I think we just drop this per the comments above. If we only allow N batch
buffers on a contexts configured with 'set_parallel' we really don't need to pass
in the number of buffers do we?

Matt
 
> Cheers, Daniel
> -- 
> Daniel Vetter
> Software Engineer, Intel Corporation
> http://blog.ffwll.ch
diff mbox series

Patch

diff --git a/Documentation/gpu/rfc/i915_scheduler.rst b/Documentation/gpu/rfc/i915_scheduler.rst
index fa6780a11c86..e3455b33edfe 100644
--- a/Documentation/gpu/rfc/i915_scheduler.rst
+++ b/Documentation/gpu/rfc/i915_scheduler.rst
@@ -13,7 +13,8 @@  i915 with the DRM scheduler is:
 	  modparam enable_guc
 	* Lots of rework will need to be done to integrate with DRM scheduler so
 	  no need to nit pick everything in the code, it just should be
-	  functional and not regress execlists
+	  functional, no major coding style / layering errors, and not regress
+	  execlists
 	* Update IGTs / selftests as needed to work with GuC submission
 	* Enable CI on supported platforms for a baseline
 	* Rework / get CI heathly for GuC submission in place as needed
@@ -67,4 +68,55 @@  levels too.
 
 New parallel submission uAPI
 ============================
-Details to come in a following patch.
+The existing bonding uAPI is completely broken with GuC submission because
+whether a submission is a single context submit or parallel submit isn't known
+until execbuf time activated via the I915_SUBMIT_FENCE. To submit multiple
+contexts in parallel with the GuC the context must be explictly registered with
+N contexts and all N contexts must be submitted in a single command to the GuC.
+This interfaces doesn't support dynamically changing between N contexts as the
+bonding uAPI does.

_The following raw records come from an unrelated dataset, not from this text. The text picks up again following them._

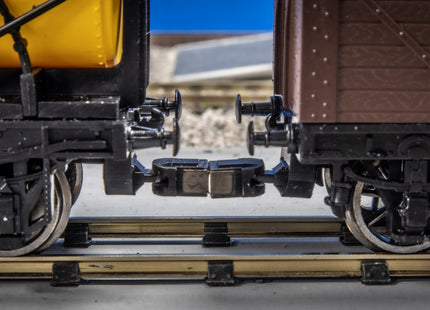 Hunt Magnetic Couplings ELITE - Pivoting Close Couplings for Hornby SWB 2 Axle Wagons with Moulded Couplings - OO Gauge (MC4)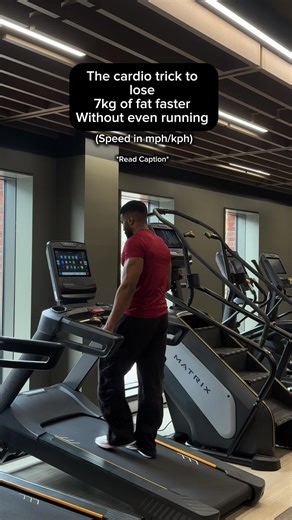 Save it or lose it 🔥⬇️ This is a 30mins Treadmill cardio trick, it’s all you need to do: Warm-up: 2 minutes at Incline 0, Speed 2.5 mph, 4.5 kph 1️⃣. Minutes 3-7 Incline 5 Speed: 3 mph Speed: 4.8 kph 2️⃣. Minutes 8-12 Incline 8 Speed: 3.8 Speed: 6.1 kph 3️⃣. Minutes 13-17 Incline 11 Speed: 4 mph Speed: 6.4 kph 4️⃣. Minutes 18-22 Incline 9 Speed: 3 mph Speed: 6.4 kph 5️⃣. Minutes 23-25 Incline 12 Speed: 4 mph Speed: 6.4 kph 6️⃣. Minutes 26-28 Incline 10 Speed: 3.5 mph Speed: 5.6 kph 7️⃣. Minutes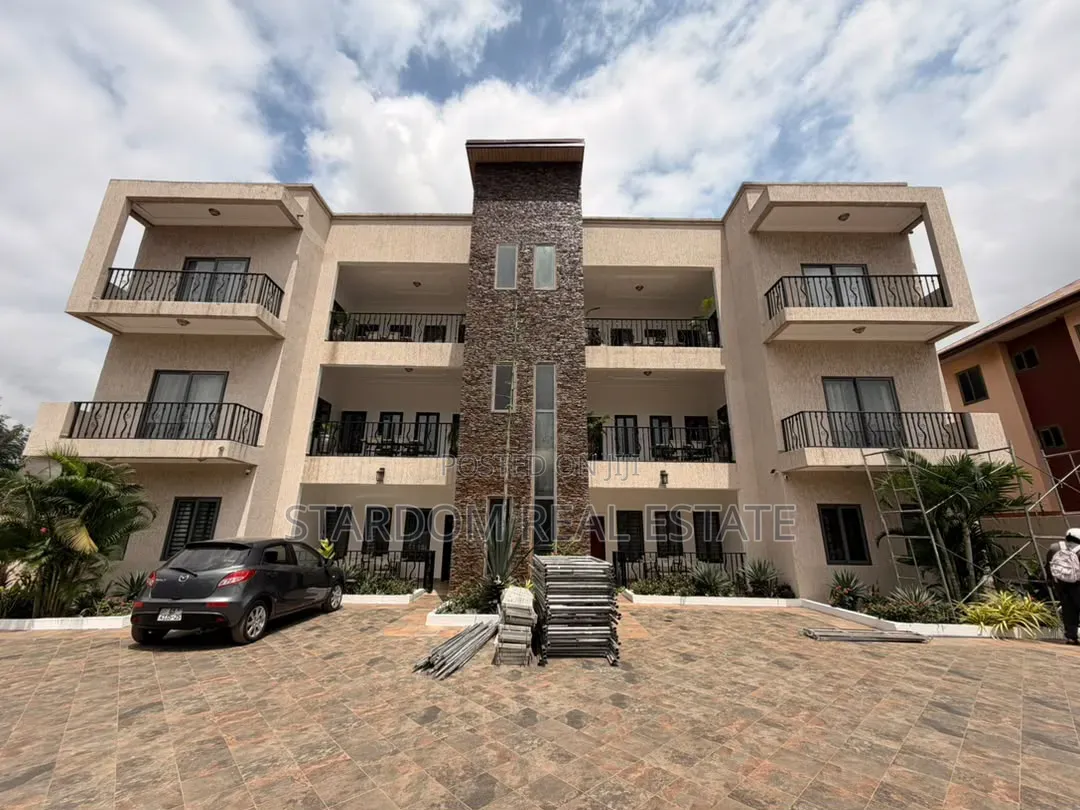 Furnished 2bdrm Apartment in Ashaley Botwe, School Junction for rent in School Junction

Hence the need for a new parallel submission interface. Also
+the legacy bonding uAPI is quite confusing and not intuitive at all.
+
+The new parallel submission uAPI consists of 3 parts:
+
+* Export engines logical mapping
+* A 'set_parallel' extension to configure contexts for parallel
+  submission
+* Extend execbuf2 IOCTL to support submitting N BBs in a single IOCTL
+
+Export engines logical mapping
+------------------------------
+Certain use cases require BBs to be placed on engine instances in logical order
+(e.g. split-frame on gen11+). The logical mapping of engine instances can change
+based on fusing. Rather than making UMDs be aware of fusing, simply expose the
+logical mapping with the existing query engine info IOCTL. Also the GuC
+submission interface currently only supports submitting multiple contexts to
+engines in logical order.
+
+A single bit will be added to drm_i915_engine_info.flags indicating that the
+logical instance has been returned and a new field,
+drm_i915_engine_info.logical_instance, returns the logical instance.
+
+A 'set_parallel' extension to configure contexts for parallel submission
+------------------------------------------------------------------------
+The 'set_parallel' extension configures N contexts for parallel submission. It
+is setup step that should be called before using any of the contexts. See
+I915_CONTEXT_ENGINES_EXT_LOAD_BALANCE or I915_CONTEXT_ENGINES_EXT_BOND for
+similar existing examples. Once the N contexts are configured for parallel
+submission the execbuf2 IOCTL can be called submiting 1-N BBs in a single IOCTL.
+Although submitting less than N BBs is allowed it is not recommended as that
+will likely leave parts of the hardware reserved and idle. Initially only
+support GuC submission. Execlist support can be added later if needed.
+
+Add I915_CONTEXT_ENGINES_EXT_PARALLEL_SUBMIT and
+i915_context_engines_parallel_submit to the uAPI to implement this extension.
+
+Extend execbuf2 IOCTL to support submitting N BBs in a single IOCTL
+-------------------------------------------------------------------
+Contexts that have been configured with the 'set_parallel' extension are allowed
+to submit 1-N BBs in a single execbuf2 IOCTL. The BBs are either the last N
+objects in the drm_i915_gem_exec_object2 list or the first N if
+I915_EXEC_BATCH_FIRST is set.
+
+Add field 6 bit wide field to drm_i915_gem_exec_object2.flags which indicates
+the number of BBs - 1 included in the IOCTL.